Obviously, the primary goal of comedy is to be funny, but if jokes and satire provide any purpose past that it is to allow us to criticise those with power, and to mock them. The Conservatives have been in power for over a decade. Boris Johnson soundly defeated Jeremy Corbyn. Leave won the Brexit referendum. Donald Trump beat Hilary Clinton.
The right is in power now, both in the UK and across much of the world, and therefore they should be the targets of humour. And any attempt to counterbalance that – especially one that can be seen to appease a right-wing government – is worrying.
And it says a lot that the right are so self-conscious and thin-skinned about being mocked.

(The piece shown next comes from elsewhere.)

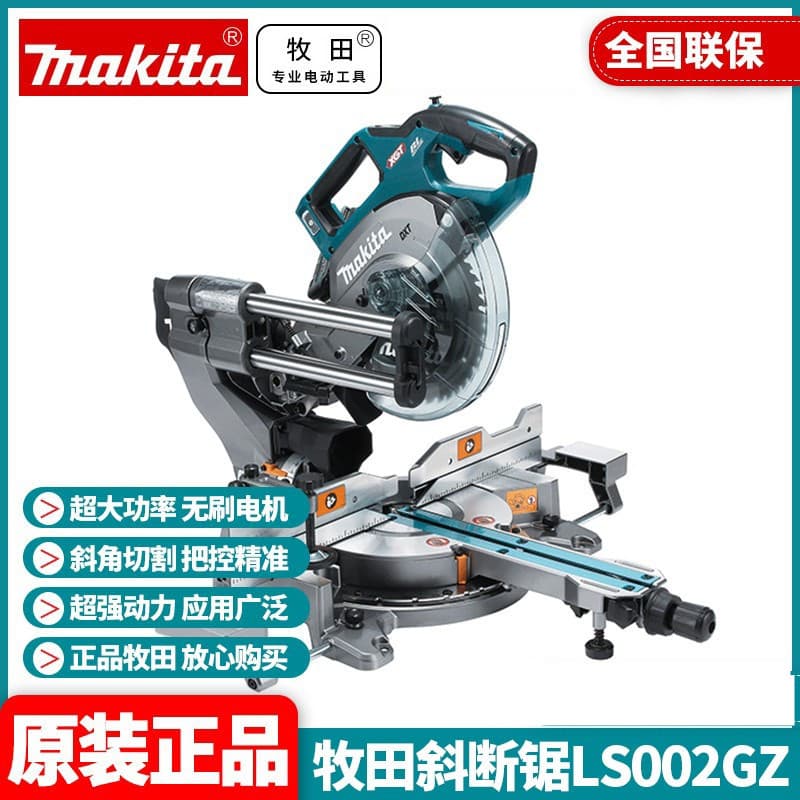 Genuine Makita Miter Saw Aluminum Alloy Plastic Steel Woodworking Electric Saw LS002GZ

As much as it pains me to admit it, but Boris Johnson has the biggest Tory majority since 1987. He won. Why is the right so damn angry about The Mash Report? You’d think they’d be happy now they’re in power. Just flip over to Dave and watch som Top Gear reruns.
It’s like, why does Donald Trump seemingly spend more time talking about Saturday Night Live than the protests happening all over his country?
Maybe, it is because, deep down, they know that right-wing politics are fundamentally about upholding and protecting the status quo, and therefore protecting the people in power. And then when they try to do comedy, they it starts to look like that a posh boy from Eaton making fun of a single mother living in poverty.
Look, I’m not saying there isn’t plenty of awful left-wing comedy out there. Toothless stuff about Trump’s small hands or Boris Johnson’s hair, for easy retweets. The great US comedian Chris Gethard once spoke about something called ‘Clapter’ in an interview that I often think about. Gethard said clapter “is this idea that you just say a thing that you know everyone in the room is going to agree with, so they’ll start clapping.”
“A lot of political comedy falls into that. Like, yeah: if you slam Trump in front of a New York City crowd, they’re all gonna start cheering. But you knew that, and that’s not the most challenging thing for you as an artist.”
And certain BBC panel shows can definitely fall into that trap.
But great political comedy should be challenging the status quo, pointing out people’s bullshit, and making fun of those in power. And booking Laurence Fox to “make fun of the wokeys” isn’t going to be doing that.